Century City

  Century City
I like The Practice and Law & Order, and I love just about anything futuristic. So when I heard about Century City, CBS's new legal drama set in Los Angeles in 2030, I cleared my calendar and prepared to be entertained. I've watched every episode so far (well, I think there have only been two), but as much as it sucks, I'm not ready to give up yet. So, please CBS! Go back in time and make the craptacular Century City worthy of its innovative premise:

1. Get better gadgets. Yeah, I saw the clear laptop. It's not enough. I know we're only 26 years in the future, but can't something cool have happened technology-wise?

2. Get a more adventurous wardrobe person. I'm not saying the show needs to look all Buck Rogers (that takes place in the 25th century, after all), but I just can't get excited over business suits, even if the ties have a metallic tinge.

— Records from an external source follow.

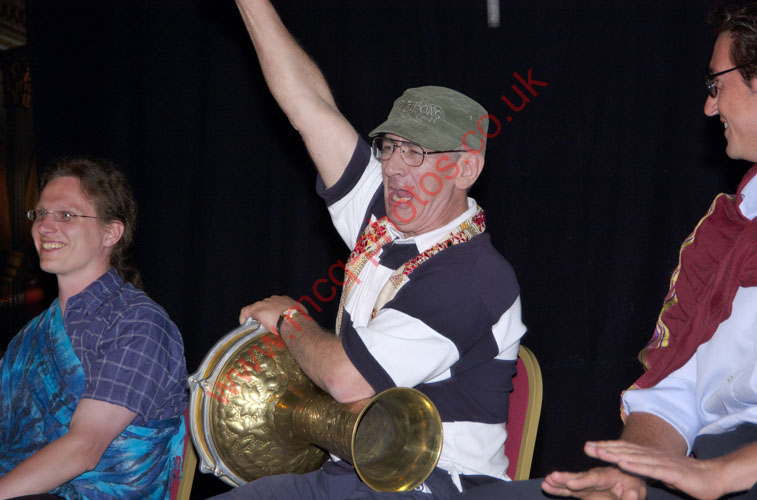 200708110152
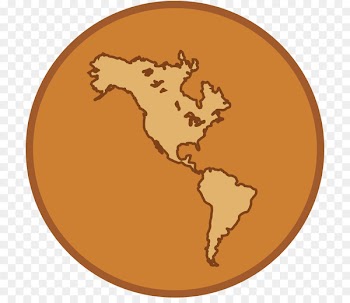 Bronze medal Pan American Games Volleyball Gold medal - medal 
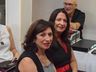 Encontro do Núcleo da Mulher Empresária reúne histórias de superação e garra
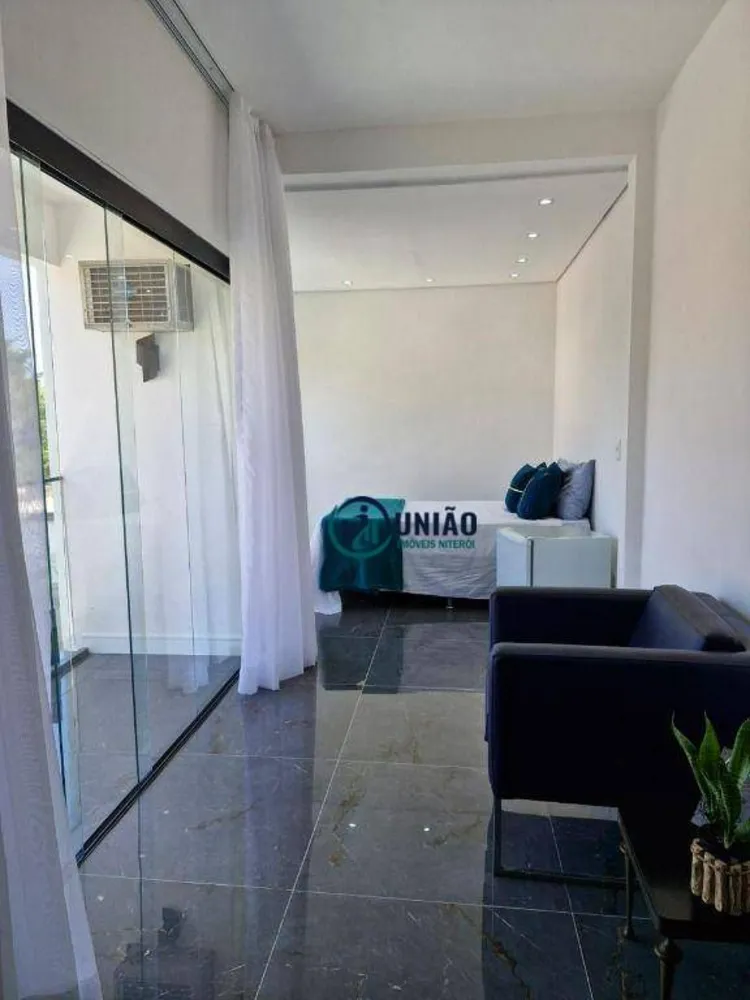 Casa, 5 quartos, 240 m² - Foto 22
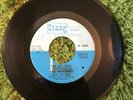 THE MOMENTS sweet soul STANG 45 I'M SO LOST b/w My Confession of Love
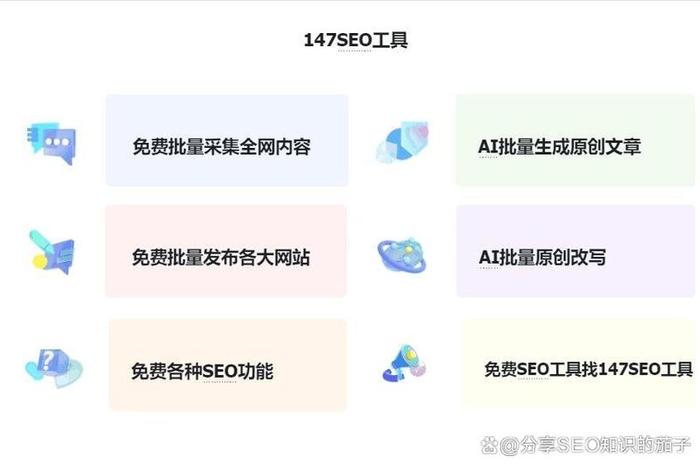 seo 优化是因素，seo主要优化什么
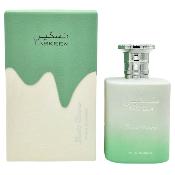 Taskeen Lactéa Divina - 100ml Eau de Parfum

3. Hire a writer or script consultant who creates believable sci-fi. Experience writing for the West Wing is admirable, but it doesn't mean you're qualified to do a legal drama from the future.

Century City  
4. Have more fun. I understand that you don't want Century City to turn campy, but this show will only work if you relax once in a while. C'mon… it's the future! Isn't anything wacky going on?

5. Cut the clichés. The overly dramatic emotional scenes aren't making me cry -- they're making me cringe. That moment where a child star, afraid of growing older, confesses to his lawyer that he has never learned to ride a bike? I tend to cry at everything, even sad commercials, but this conversation made me want to throw a brick at my TV.

6. Add a cranky robot to the cast. I know it's a long shot, but seriously -- I'd be a fan for life.